* WORK REQUIRED *
Output the data below only from the line containing "Pánico en el" up to and including the line containing "Grand Western Shirt Check Print", exact and with the pictures left out.

* EXERCISE INPUTS *
☆ ☆ ☆ ☆
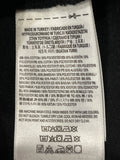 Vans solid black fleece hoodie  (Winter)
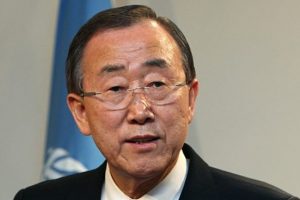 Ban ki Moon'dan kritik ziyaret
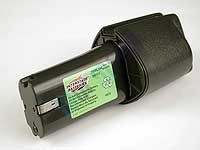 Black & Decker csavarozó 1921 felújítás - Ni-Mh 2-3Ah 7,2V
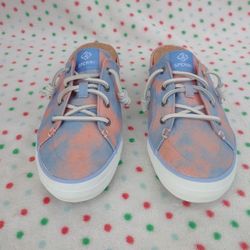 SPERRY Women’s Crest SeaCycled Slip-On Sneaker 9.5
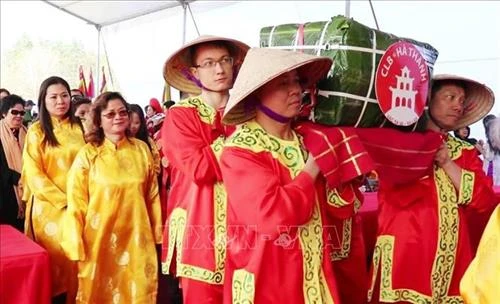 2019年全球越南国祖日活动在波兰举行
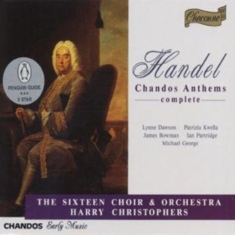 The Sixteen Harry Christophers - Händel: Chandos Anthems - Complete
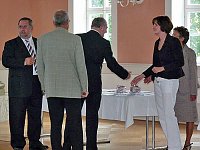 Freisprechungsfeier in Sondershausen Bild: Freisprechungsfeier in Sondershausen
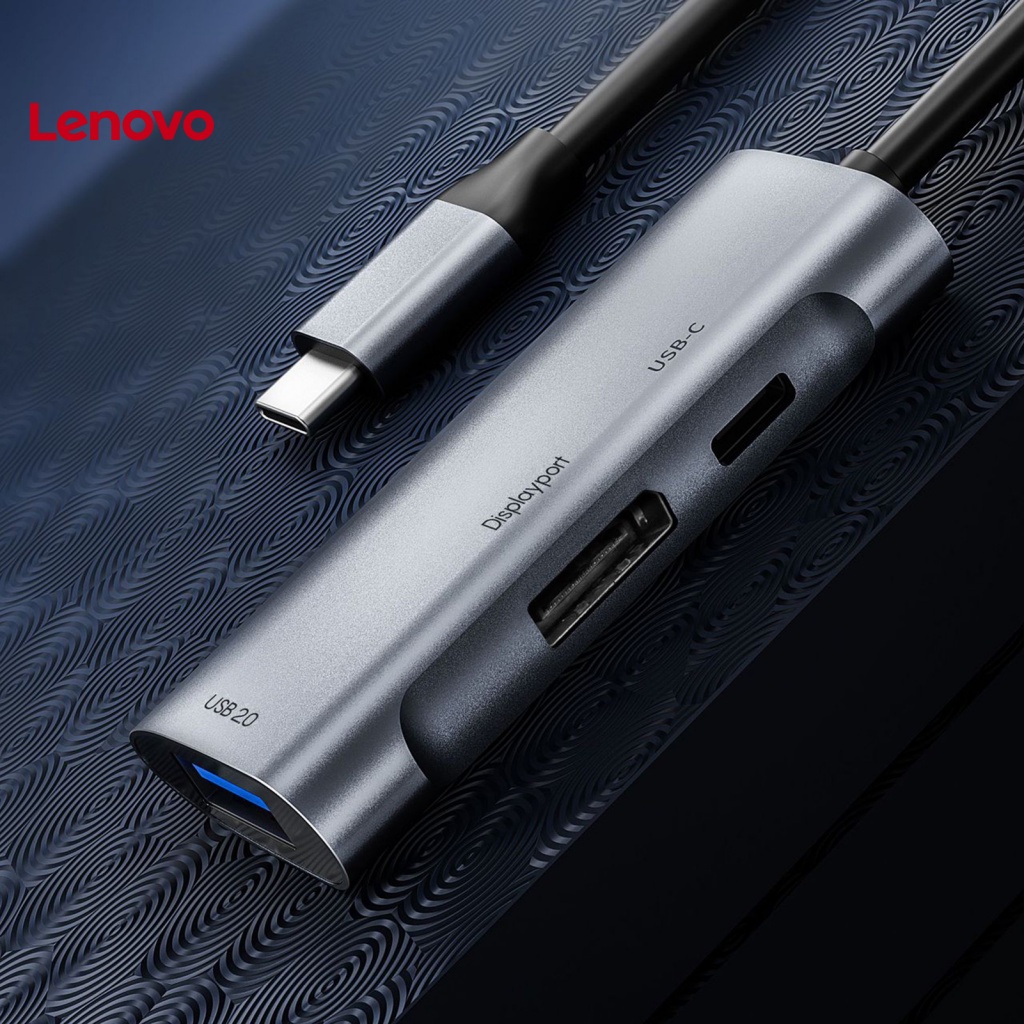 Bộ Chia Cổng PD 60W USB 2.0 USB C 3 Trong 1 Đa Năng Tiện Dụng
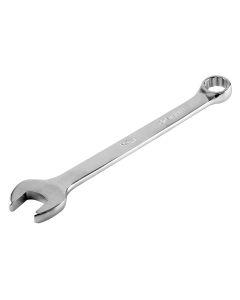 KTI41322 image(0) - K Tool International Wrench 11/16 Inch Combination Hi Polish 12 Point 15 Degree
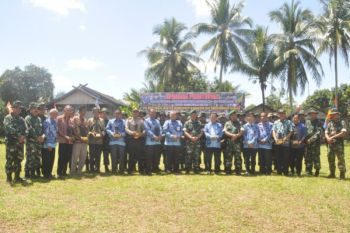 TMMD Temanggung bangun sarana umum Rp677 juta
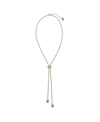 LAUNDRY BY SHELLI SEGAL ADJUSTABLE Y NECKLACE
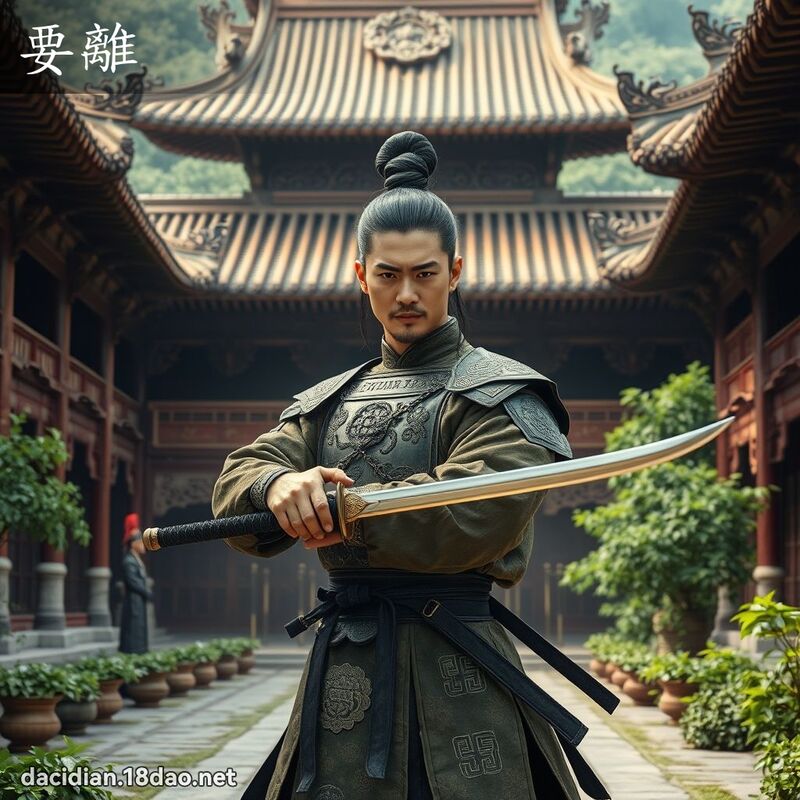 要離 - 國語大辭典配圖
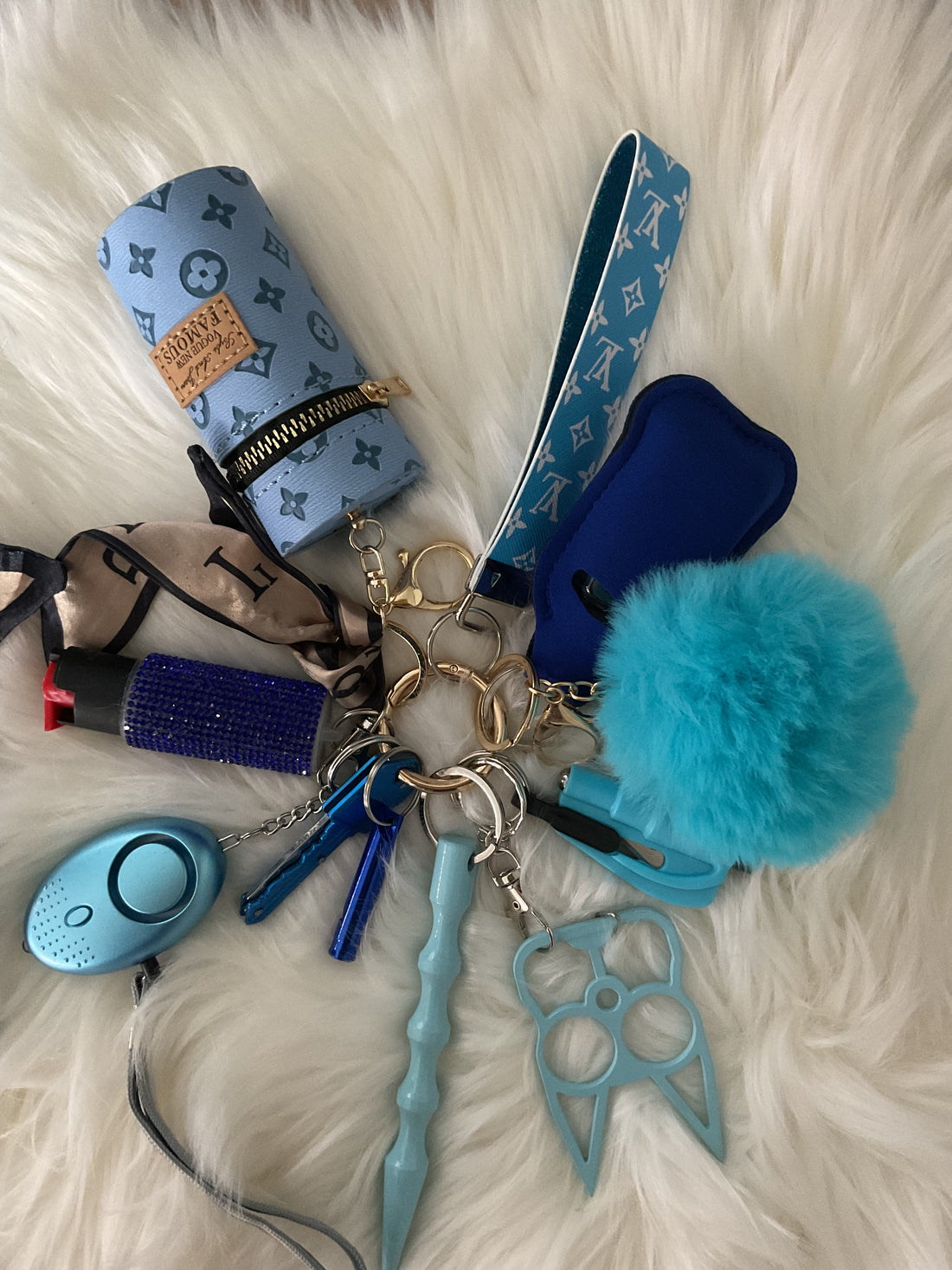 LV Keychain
☆ ☆ ☆ ☆
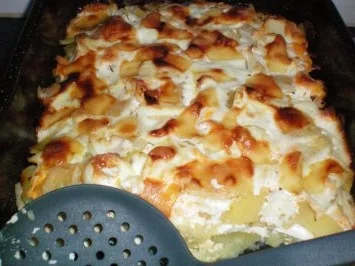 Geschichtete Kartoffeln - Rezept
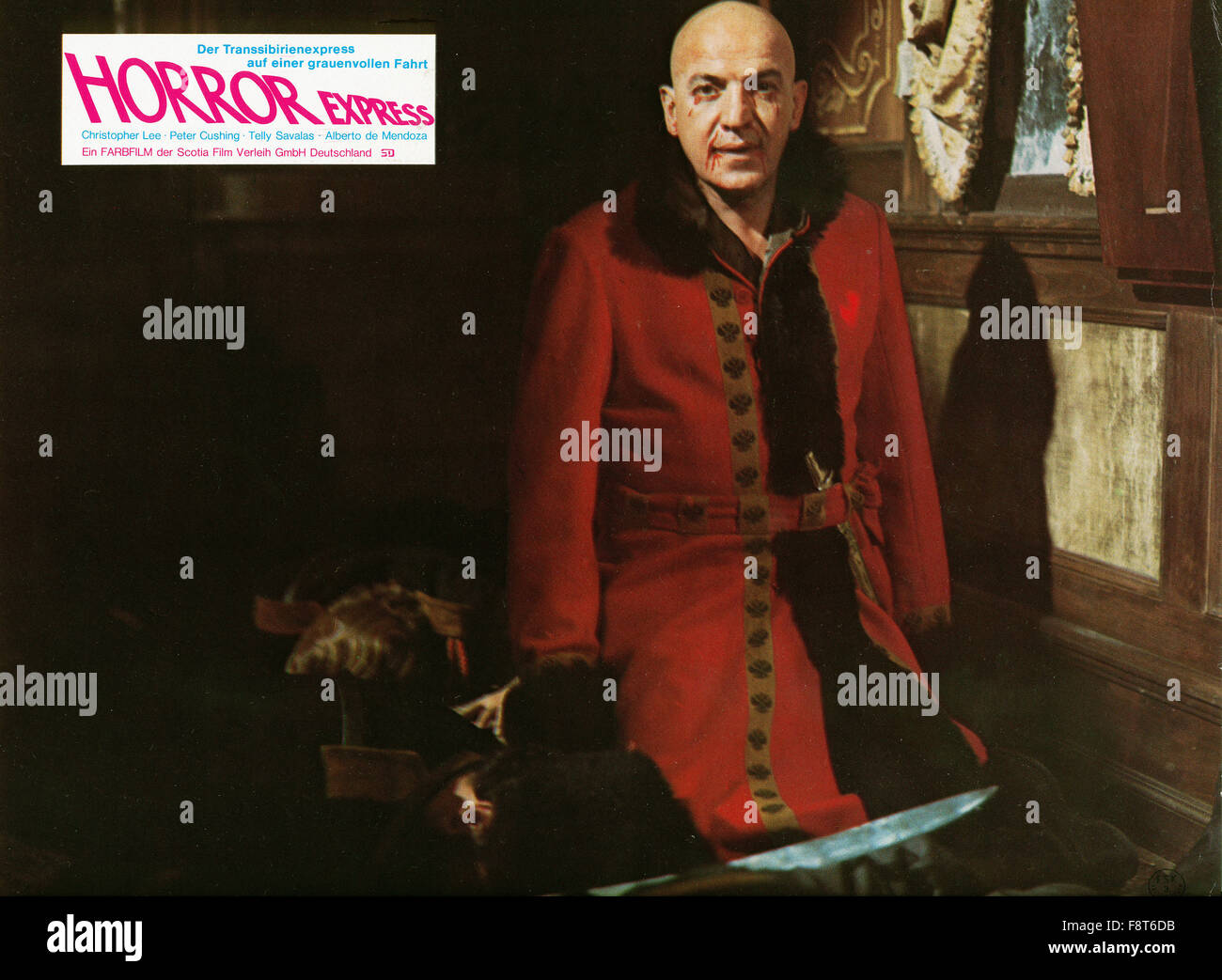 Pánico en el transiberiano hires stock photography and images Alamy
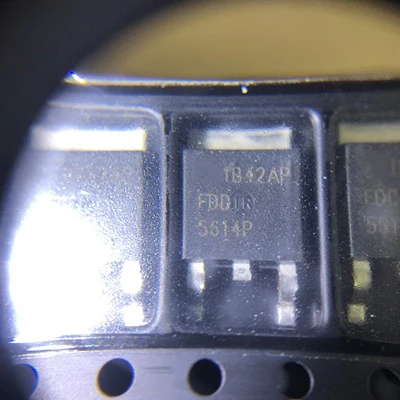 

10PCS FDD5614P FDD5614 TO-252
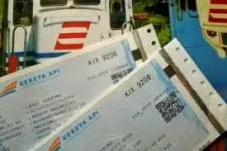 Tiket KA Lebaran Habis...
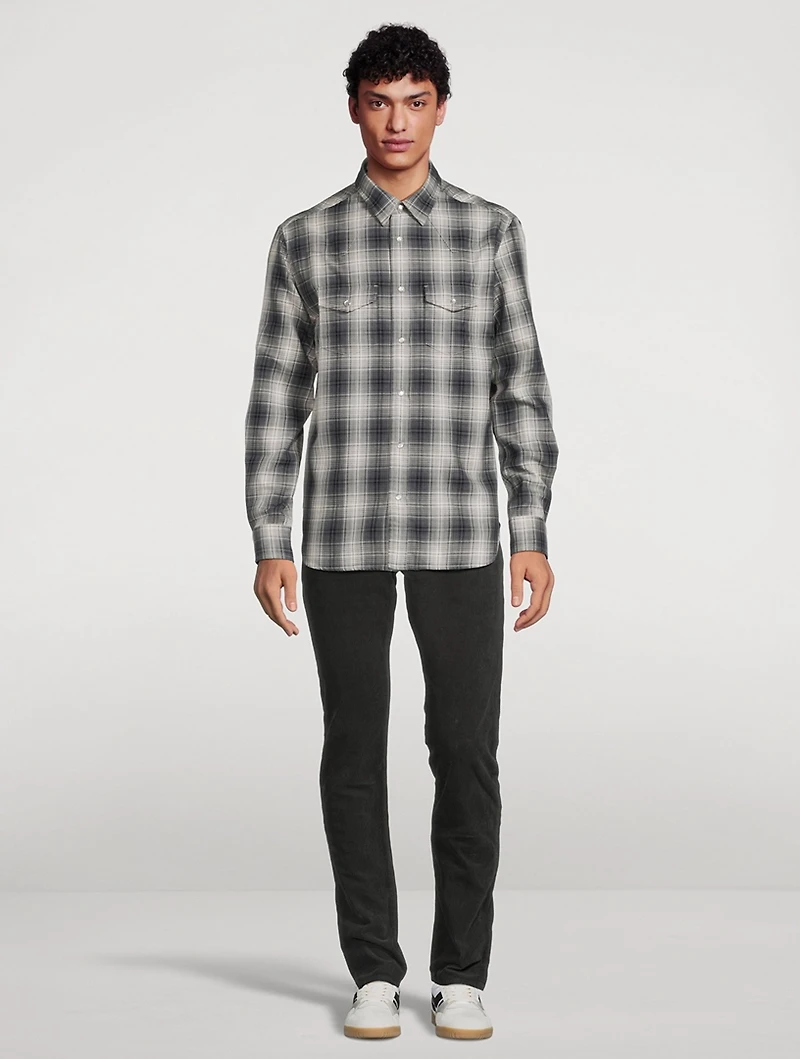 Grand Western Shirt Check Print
☆ ☆ ☆ ☆
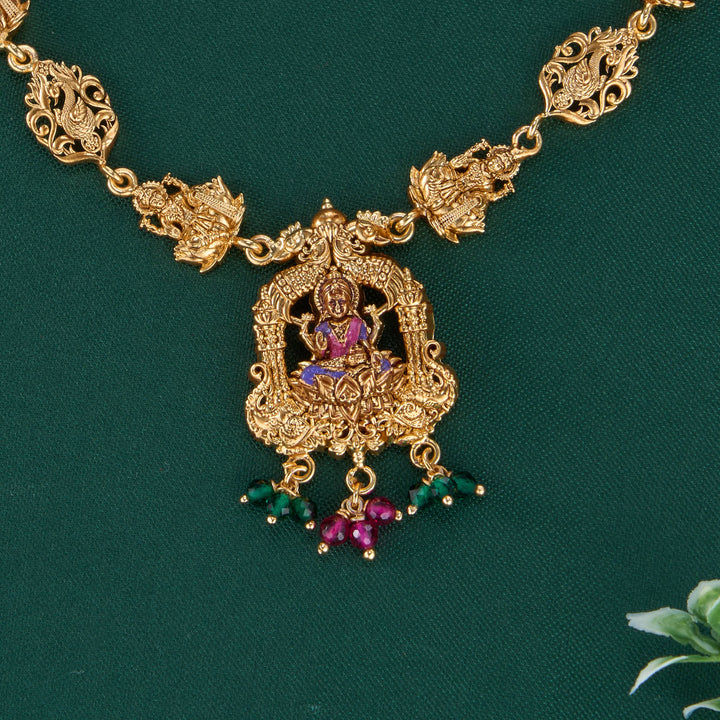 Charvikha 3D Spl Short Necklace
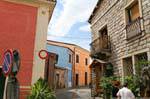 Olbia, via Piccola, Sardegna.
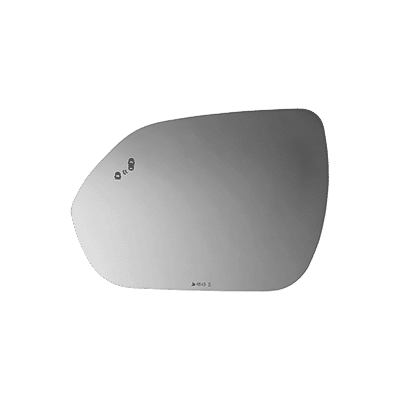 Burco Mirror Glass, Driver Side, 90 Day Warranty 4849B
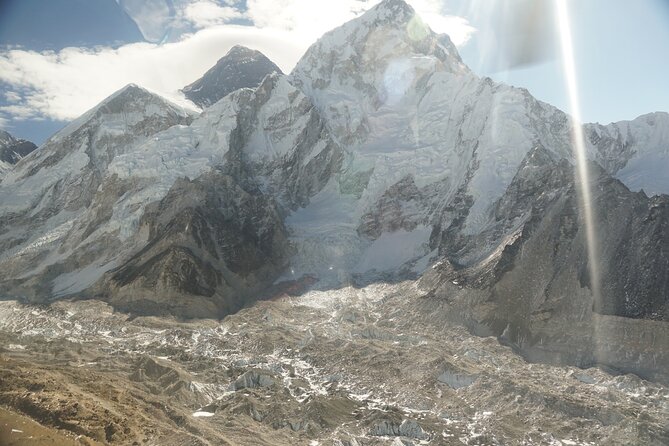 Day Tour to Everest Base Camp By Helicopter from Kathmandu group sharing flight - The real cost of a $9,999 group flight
☆ ☆ ☆ ☆
* RESPONSE BELOW *
 Pánico en el transiberiano hires stock photography and images Alamy

10PCS FDD5614P FDD5614 TO-252
 Tiket KA Lebaran Habis...
 Grand Western Shirt Check Print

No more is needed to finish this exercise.